The reload rate gets faster as the game progresses. The code uses the upper two digits of the player’s score as a lookup into the table at 1AA1 and sets the reload rate to the value in the table at 1CB8. The reload rate for anything below 0x0200 is 0x30. From 0x0200 to 0x1000 the delay drops to 0x10, then 0x0B at from 0x1000 to 0x2000. From 0x2000 to 0x3000 the rate is 8 and then maxes out above 0x3000 at 7. With a little flying-saucer-luck you will reach 0x3000 in 2 or 3 racks.

The table corresponding to this writeup is this:

ShotReloadRate:
; The tables at 1CB8 and 1AA1 control how fast shots are created. The speed is based
; on the upper byte of the player's score. For a score of less than or equal 0200 then 
; the fire speed is 30. For a score less than or equal 1000 the shot speed is 10. Less 
; than or equal 2000 the speed is 0B. Less than or equal 3000 is 08. And anything 
; above 3000 is 07.
;
; 1CB8: 02 10 20 30
;
1AA1: 30 10 0B 08                           
1AA5: 07           ; Fastest shot firing speed

This makes clear that at 1CB8 we find the score value, and that the 1AA1 table is the firing speed. There’s one more detail I wonder about, and that’s whether the score is stored in BCD. I’m pretty sure that it is.

Ah.
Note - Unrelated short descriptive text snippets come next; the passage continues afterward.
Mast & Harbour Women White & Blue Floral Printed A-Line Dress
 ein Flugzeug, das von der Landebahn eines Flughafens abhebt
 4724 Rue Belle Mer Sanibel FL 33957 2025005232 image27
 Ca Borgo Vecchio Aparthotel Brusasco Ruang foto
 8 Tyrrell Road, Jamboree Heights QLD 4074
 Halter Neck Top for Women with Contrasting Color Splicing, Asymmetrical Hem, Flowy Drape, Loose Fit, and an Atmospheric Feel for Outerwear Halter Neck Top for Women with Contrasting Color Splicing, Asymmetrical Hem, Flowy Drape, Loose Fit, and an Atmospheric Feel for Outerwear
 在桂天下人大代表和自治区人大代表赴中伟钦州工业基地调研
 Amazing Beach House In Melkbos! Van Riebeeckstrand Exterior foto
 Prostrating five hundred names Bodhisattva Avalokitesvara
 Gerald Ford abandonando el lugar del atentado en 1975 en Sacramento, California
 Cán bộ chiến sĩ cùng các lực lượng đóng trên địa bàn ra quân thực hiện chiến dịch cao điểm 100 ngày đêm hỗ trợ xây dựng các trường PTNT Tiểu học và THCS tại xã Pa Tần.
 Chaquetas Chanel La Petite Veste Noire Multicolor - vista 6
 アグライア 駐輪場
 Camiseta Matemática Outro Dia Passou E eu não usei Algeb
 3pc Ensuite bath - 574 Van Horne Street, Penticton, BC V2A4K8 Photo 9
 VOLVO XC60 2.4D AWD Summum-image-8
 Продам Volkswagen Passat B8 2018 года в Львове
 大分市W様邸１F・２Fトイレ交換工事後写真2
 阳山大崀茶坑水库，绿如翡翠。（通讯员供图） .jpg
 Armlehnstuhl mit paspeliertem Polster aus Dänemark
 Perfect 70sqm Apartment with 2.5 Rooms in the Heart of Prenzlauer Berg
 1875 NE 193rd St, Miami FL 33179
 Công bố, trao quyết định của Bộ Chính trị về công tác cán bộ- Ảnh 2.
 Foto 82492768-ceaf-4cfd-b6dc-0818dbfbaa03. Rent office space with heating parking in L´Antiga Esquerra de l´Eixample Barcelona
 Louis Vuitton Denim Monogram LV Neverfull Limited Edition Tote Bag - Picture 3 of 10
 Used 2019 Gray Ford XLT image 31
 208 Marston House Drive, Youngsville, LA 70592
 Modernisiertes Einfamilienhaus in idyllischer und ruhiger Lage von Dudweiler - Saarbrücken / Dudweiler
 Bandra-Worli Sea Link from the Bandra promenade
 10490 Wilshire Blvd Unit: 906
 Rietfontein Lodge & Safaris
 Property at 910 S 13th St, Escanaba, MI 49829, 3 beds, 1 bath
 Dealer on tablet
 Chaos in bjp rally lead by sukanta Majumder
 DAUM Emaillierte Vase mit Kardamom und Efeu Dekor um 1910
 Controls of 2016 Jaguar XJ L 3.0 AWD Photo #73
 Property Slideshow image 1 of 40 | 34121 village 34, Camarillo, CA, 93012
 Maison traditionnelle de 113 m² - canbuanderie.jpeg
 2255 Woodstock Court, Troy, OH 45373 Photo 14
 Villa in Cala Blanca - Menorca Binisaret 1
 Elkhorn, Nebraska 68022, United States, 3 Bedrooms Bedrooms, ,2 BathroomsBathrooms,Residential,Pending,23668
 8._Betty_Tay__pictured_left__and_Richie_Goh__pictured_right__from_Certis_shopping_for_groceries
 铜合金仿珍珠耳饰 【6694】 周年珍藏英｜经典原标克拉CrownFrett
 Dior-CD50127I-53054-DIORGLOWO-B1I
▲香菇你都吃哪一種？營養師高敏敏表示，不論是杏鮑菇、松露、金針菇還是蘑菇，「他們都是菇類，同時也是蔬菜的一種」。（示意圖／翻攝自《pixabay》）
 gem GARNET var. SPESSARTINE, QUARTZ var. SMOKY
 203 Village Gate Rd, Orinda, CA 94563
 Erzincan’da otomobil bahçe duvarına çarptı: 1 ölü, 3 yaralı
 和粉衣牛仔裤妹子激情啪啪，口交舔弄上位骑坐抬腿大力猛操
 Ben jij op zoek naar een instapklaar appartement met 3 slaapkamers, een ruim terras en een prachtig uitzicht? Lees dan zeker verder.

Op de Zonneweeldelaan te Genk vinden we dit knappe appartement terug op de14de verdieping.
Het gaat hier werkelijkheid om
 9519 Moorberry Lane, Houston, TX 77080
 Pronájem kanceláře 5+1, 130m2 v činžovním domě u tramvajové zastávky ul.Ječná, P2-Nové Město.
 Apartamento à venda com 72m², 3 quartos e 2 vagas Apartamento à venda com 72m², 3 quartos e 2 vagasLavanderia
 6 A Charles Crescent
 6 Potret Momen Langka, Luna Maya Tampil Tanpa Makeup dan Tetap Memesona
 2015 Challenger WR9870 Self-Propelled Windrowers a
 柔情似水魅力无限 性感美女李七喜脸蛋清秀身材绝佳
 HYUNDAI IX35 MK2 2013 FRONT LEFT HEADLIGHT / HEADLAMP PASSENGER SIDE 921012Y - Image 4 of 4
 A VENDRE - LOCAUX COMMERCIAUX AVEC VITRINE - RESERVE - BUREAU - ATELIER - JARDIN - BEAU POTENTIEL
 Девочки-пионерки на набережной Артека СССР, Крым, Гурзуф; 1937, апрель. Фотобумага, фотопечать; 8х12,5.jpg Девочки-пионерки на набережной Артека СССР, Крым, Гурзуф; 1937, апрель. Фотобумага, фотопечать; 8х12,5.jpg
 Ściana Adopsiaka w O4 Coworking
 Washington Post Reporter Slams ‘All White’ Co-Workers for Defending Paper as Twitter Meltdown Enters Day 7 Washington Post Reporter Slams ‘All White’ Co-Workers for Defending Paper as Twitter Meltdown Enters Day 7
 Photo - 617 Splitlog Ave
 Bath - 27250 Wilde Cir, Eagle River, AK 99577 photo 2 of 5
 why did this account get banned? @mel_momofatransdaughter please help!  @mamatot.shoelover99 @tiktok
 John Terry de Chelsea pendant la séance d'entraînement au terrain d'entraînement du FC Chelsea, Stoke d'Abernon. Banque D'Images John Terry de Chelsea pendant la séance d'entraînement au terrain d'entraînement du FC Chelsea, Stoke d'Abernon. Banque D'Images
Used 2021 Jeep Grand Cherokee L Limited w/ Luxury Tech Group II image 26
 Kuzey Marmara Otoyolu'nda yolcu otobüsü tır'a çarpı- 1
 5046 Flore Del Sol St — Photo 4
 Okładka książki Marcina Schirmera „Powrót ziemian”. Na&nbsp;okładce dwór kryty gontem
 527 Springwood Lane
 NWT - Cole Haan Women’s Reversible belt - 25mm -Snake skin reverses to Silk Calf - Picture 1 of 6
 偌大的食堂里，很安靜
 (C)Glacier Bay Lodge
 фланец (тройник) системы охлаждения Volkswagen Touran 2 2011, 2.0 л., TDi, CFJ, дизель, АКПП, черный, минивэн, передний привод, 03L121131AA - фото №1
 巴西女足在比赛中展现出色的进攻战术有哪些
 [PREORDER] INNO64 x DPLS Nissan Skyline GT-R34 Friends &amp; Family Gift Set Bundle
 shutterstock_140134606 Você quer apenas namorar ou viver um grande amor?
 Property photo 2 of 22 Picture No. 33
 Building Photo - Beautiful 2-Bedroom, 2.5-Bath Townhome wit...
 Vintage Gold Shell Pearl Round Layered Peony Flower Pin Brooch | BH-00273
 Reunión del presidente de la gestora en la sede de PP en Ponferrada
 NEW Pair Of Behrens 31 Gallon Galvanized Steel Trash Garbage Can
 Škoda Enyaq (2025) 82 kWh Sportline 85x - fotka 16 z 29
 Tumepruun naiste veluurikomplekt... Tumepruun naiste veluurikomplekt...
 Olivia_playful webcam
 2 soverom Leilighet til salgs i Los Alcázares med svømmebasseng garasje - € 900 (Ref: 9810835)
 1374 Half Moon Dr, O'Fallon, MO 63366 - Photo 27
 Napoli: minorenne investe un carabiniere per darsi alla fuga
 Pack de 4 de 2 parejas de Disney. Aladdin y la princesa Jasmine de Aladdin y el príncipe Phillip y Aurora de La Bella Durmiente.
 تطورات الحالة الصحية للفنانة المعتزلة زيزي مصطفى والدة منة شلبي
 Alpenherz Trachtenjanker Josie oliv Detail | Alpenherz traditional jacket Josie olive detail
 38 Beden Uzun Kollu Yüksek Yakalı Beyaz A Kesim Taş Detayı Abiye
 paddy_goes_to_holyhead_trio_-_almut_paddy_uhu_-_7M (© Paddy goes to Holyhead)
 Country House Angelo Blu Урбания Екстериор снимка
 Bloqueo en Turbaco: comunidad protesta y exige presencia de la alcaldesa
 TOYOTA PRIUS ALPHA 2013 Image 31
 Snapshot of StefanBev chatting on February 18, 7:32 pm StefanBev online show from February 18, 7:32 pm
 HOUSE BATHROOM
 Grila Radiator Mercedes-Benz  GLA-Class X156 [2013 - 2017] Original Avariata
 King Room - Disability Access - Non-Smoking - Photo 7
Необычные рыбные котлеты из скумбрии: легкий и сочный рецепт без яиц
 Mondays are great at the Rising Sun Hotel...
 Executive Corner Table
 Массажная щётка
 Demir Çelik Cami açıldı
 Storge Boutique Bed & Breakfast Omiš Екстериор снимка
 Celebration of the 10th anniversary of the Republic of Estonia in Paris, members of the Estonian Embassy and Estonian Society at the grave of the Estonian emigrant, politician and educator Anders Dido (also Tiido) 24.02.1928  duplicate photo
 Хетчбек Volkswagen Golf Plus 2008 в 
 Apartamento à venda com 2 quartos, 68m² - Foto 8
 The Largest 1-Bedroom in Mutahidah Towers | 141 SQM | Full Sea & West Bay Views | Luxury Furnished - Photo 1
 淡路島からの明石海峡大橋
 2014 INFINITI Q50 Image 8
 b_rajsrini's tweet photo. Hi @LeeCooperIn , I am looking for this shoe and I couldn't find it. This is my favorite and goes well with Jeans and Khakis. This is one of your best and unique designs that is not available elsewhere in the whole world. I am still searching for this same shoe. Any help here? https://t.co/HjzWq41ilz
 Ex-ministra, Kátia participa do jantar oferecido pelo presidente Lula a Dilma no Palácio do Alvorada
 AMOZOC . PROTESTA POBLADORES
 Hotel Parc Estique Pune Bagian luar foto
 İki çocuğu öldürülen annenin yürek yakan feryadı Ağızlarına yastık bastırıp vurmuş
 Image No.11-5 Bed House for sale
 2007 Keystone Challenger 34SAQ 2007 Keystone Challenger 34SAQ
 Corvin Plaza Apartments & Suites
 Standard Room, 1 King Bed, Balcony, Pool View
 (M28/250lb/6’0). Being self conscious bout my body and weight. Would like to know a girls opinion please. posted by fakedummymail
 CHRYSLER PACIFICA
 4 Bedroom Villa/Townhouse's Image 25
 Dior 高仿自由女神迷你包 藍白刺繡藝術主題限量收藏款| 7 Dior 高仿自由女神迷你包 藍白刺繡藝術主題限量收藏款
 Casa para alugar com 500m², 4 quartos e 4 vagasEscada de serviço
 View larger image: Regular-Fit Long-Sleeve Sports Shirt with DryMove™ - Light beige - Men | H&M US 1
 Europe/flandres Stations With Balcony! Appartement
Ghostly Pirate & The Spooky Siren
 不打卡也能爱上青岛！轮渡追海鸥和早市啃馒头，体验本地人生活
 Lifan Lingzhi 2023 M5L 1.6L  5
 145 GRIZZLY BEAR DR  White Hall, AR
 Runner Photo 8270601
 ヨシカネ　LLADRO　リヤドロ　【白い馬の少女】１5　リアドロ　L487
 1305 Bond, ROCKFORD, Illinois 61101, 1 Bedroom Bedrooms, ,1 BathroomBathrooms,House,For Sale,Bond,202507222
Here’s the answer:

AlienScores:
; Score table for hitting alien type
1DA0: 10 ; Bottom 2 rows
1DA1: 20 ; Middle row
1DA2: 30 ; Highest row

Since the scores for the invaders are 10, 20, 30 decimal, and these are hex numbers, we know the scores are in BCD. So we can translate the value checks accordingly.

The next question is where to do this resetting. Since we’re counting up and checking for cycle time greater, we can pretty much set the bombCycleLimit whenever we want to. But it seems to me that it makes sense to do it when we add to the score.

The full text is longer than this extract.